Fourth, there is the implication that industrialization, the miracle that released our species from 10,000 years of backbreaking labor, is regrettable. In truth, as well as giving us longer, healthier, and freer lives, the wealth released over the past 200 years of specialization and exchange is cleaning up the environment. The air and water are purer in London than in Lahore because GDP is higher. For the same reason, natural disasters have become far less lethal. The 1950 floods in Pakistan killed many more people than this year’s, because they hit a poorer country.
Fifth, there is the related assumption that rich countries owe their wealth to exploitation, that one nation’s gain must mean another’s loss. This is palpable nonsense. The enrichment of a country, other things being equal, is good news for all of its trading partners. And countries get wealthy not by conquering others (a process that is always expensive) but by pursuing the right policies, such as secure property rights, low taxes, independent courts, light regulations, and free trade.
If you tax successful countries to pay unsuccessful ones, you will end up with
fewer of the former and more of the latter.
Sixth, and most preposterously, there is the ugly collectivism that lurks behind every shakedown attempt, from the return of artworks to slavery reparations. Our criminal justice system, like every Abrahamic religion, is based on the idea that we are individually responsible for our actions. But when it comes to these scams, we are all suddenly defined by ancestry or skin color.
It is precisely because Western nations broke out of that dispensation that they became rich in the first place. And it was by copying their individualist outlook that other countries were able to catch them up. Far from complaining about industrialization, the rest of the world should thank us for having developed capitalism, and they should seek to emulate it.
Postscript: Absurdity Seven
Climate reparations are a legal quagmire. From Hulme et al. (2011):
At the heart of the loss and damage (L&D) agenda is the idea of attribution—that specific losses and damages in developing countries can be “associated with the impacts of climate change,” where “climate change” means human-caused alterations to climate.

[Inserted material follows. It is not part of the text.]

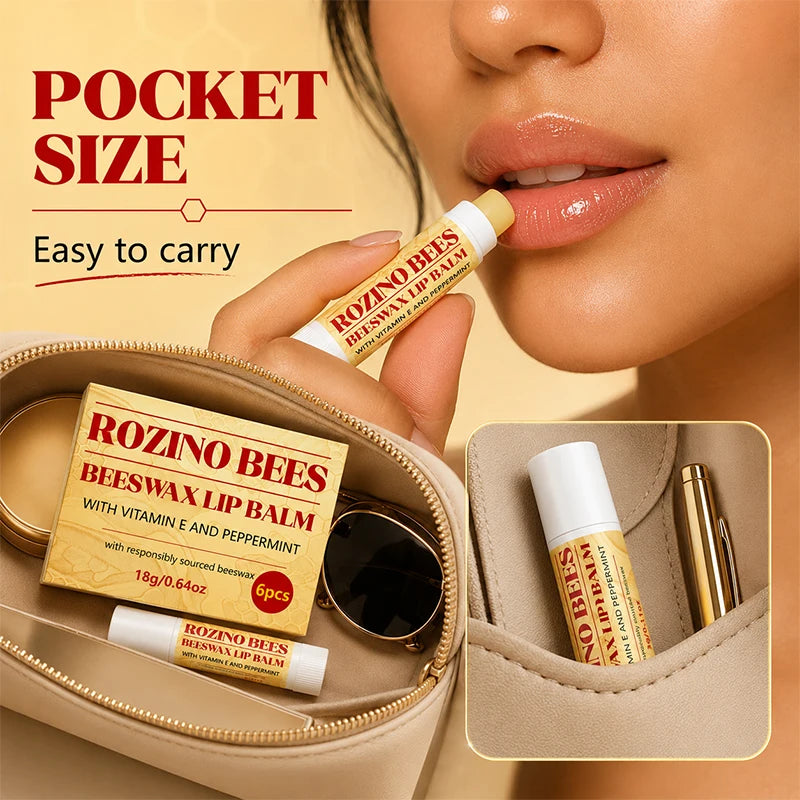 ROZINO 6-Pack Beeswax Lip Balm – Moisturizing & Nourishing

It is therefore not just any L&D that qualify for financial assistance under the Convention; it is L&D attributable to or “associated with” a very specific causal pathway.

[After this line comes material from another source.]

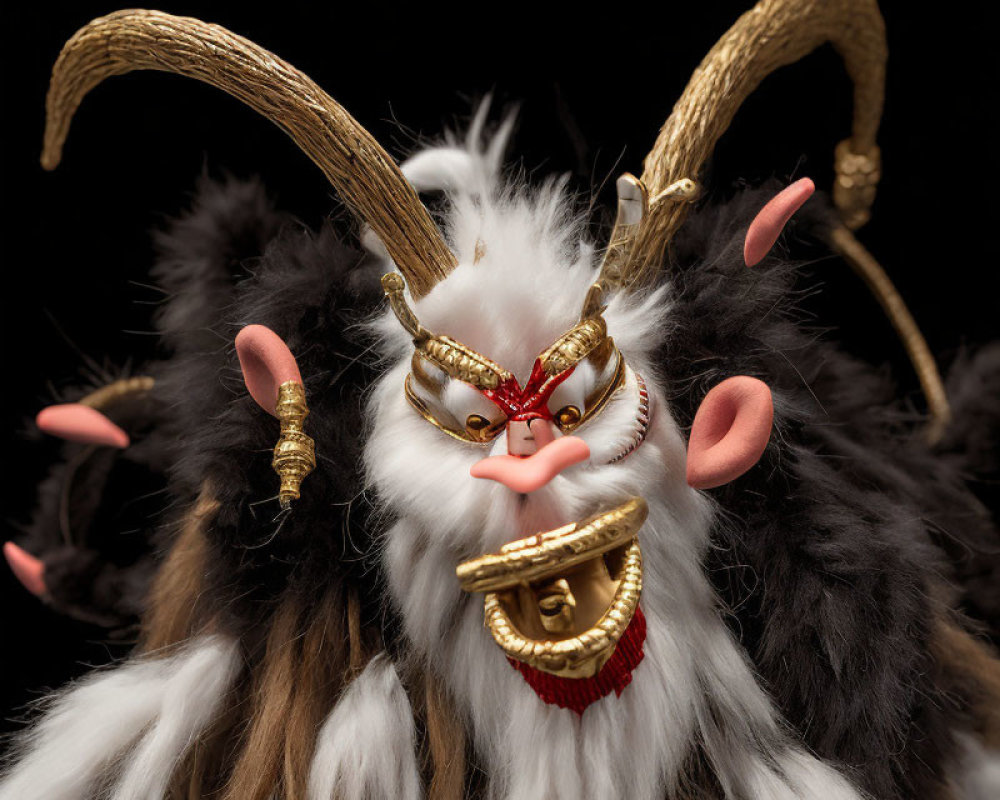 Detailed White and Brown Fur Mask with Golden Horns and Red Eyes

Developing countries face some serious difficulties—at best, ambiguities—
with this approach to directing climate adaptation finance.
Investment in climate adaptation, they claim, is most needed “… where vulnerability to meteorological hazard is high, not where meteorological hazards are most attributable to human influence”. Extreme weather attribution says nothing about how damages are attributable to meteorological hazard as opposed to exposure to risk; it says nothing about the complex political, social and economic structures which mediate physical hazards.

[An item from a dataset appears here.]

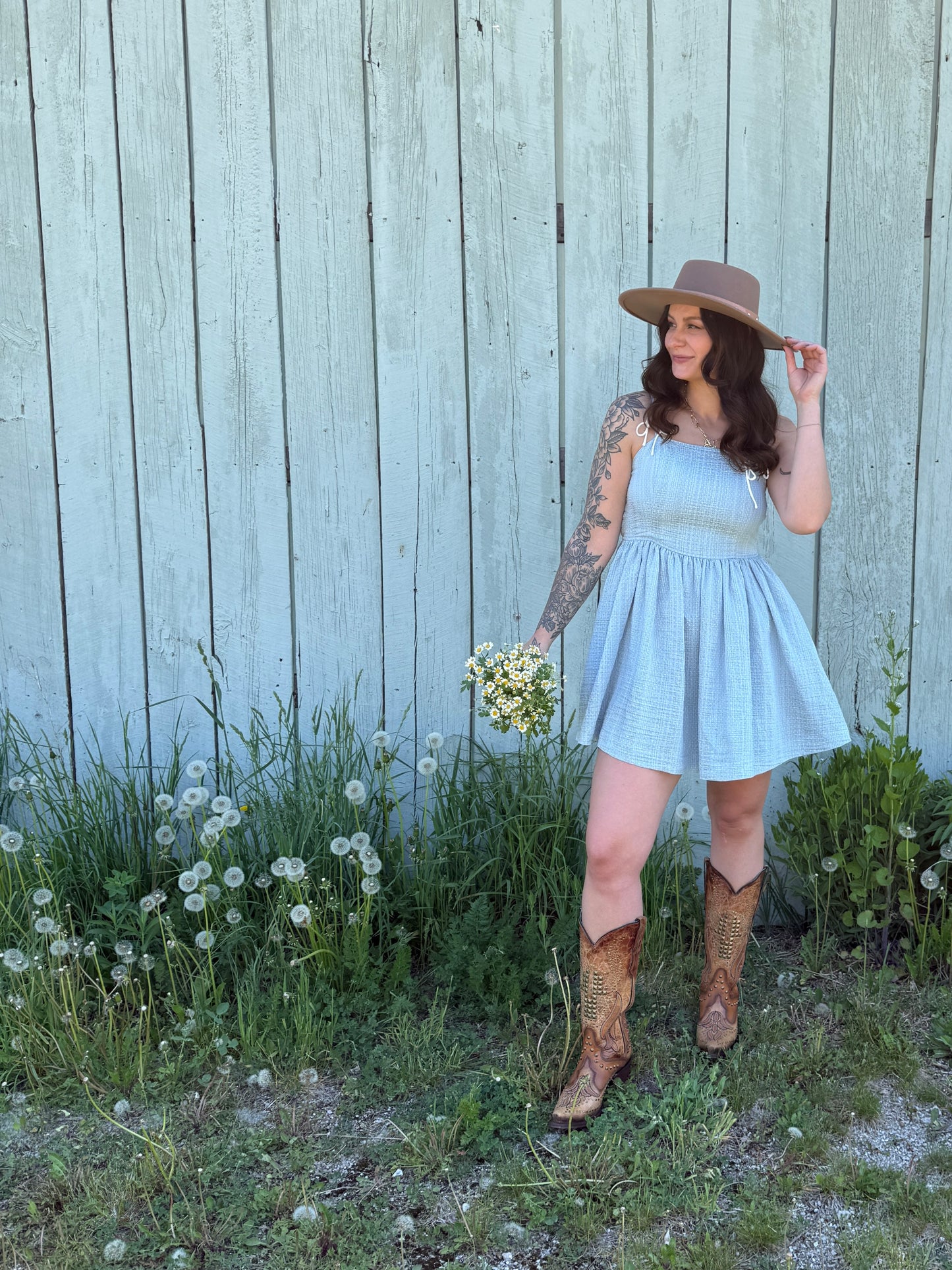 Polka Dot Fit & Flare Denim Dress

And separating weather into two categories — ‘human-caused’ weather and ‘tough-luck’ weather – raises practical and ethical concerns about any subsequent investment allocation guidelines which excluded the victims of ‘tough-luck weather’ from benefiting from adaptation funds.
Contrary to the claims of some weather attribution scientists, the loss and damage agenda of the UNFCCC, as it is currently emerging, makes no distinction between ‘human-caused’ and ‘tough-luck’ weather. “Loss and damage impacts fall along a continuum, ranging from ‘events’ associated with variability around current climatic norms (e.g., weather-related natural hazards) to [slow-onset] ‘processes’ associated with future anticipated changes in climatic norms” (Warner et al., 2012:21). Although definitions and protocols have not yet been formally ratified, it seems unlikely that there will be a role for the sort of forensic science being offered by extreme weather attribution science.